As mentioned in our manuscript, we did not perform a liver biopsy to diagnosis nonalcoholic fatty liver disease (NAFLD) or advanced fibrosis. Instead, we used validated non-invasive biomarker models such as fibrosis-4 (FIB-4) or the NAFLD fibrosis score (NFS), as well as abdominal ultrasonography for large-scale screening [2,3]. Most published studies have also used these methods, therefore, our results are comparable to previously published studies. Moreover, the 5.4% prevalence rate of ≥F3 (advanced fibrosis) in individuals with DM in this study is in agreement with reports using liver biopsy (~5%) [4,5] or magnetic resonance elastography (7%) [6].
We agree that a causal association between advanced liver fibrosis and incident chronic kidney disease (CKD) cannot be confirmed due to the observational design of this study. However, data from a clinical trial involving 261 patients with NAFLD showed that improvement in liver histology due to lifestyle modifications such as weight loss were linked with significantly improved renal outcomes [7], strongly suggesting the causal relationship between severity of NAFLD and CKD. Moreover, in a recent Chinese prospective trial in elderly type 2 diabetes mellitus (T2DM) patients, where they assessed advanced liver fibrosis with FIB-4 and NFS, there was a significant association between NAFLD fibrosis and CKD occurrence and progression, of which results were comparable to our study [8].
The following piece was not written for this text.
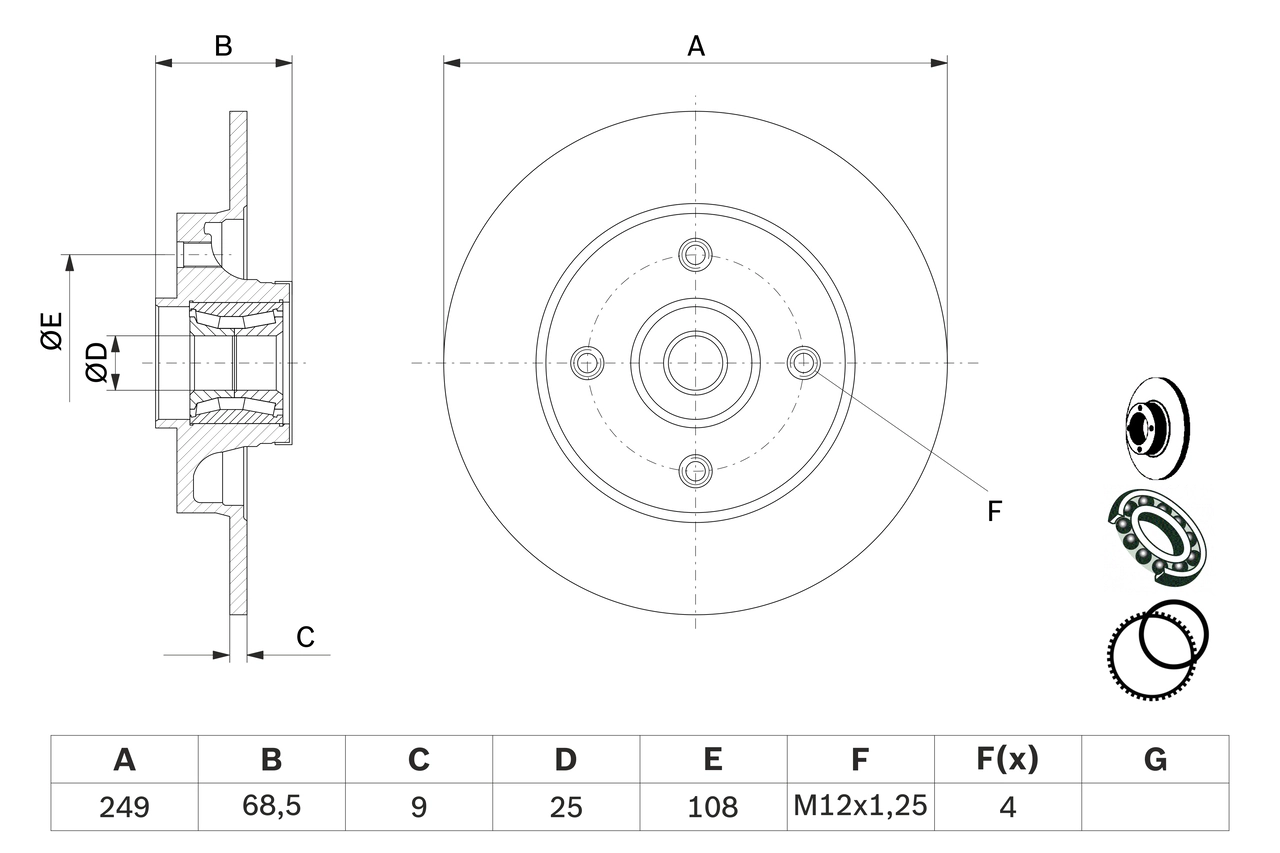 Disque de frein BOSCH 0 986 479 279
As for the potential renal protective effect of specific anti-diabetic medications, such as SGLT2i or GLP-1RA, this study enrolled patients from January 2000 to December 2016, when the annual prescription rate of both SGLT2 inhibitors and GLP-1 agonists were rather low [9] and neither SGLT2i nor GLP-1RA were prescribed to our study participants. As far as the differences in baseline covariates between the subgroups, it would have been nice if we used a propensity score matching (PSM) to balance data to approximate complete randomization, however given the small sample size in the NAFLD without fibrosis group, PSM may leave too few cases for meaningful analysis. In regard to lifestyle patterns, we have excluded those with significant alcohol consumption. Moreover, when we adjusted for current smoking and regular exercise (3 times/week), the results remained similar to Table 4, although the proportions of current smokers and regular exercisers at baseline were significantly different among the groups. However, this does not reflect temporal changes in their lifestyle patterns, which may have more impact on the development of incident CKD. Lastly, we did not collect any information on diet. Future prospective trials are warranted to examine the effects of different anti-diabetic medications and lifestyle patterns on hepatic and renal outcomes in patients with T2DM. Nevertheless, our study has clearly demonstrated that advanced liver fibrosis in patients with NAFLD is independently associated with an increased risk of incident CKD in patients with T2DM.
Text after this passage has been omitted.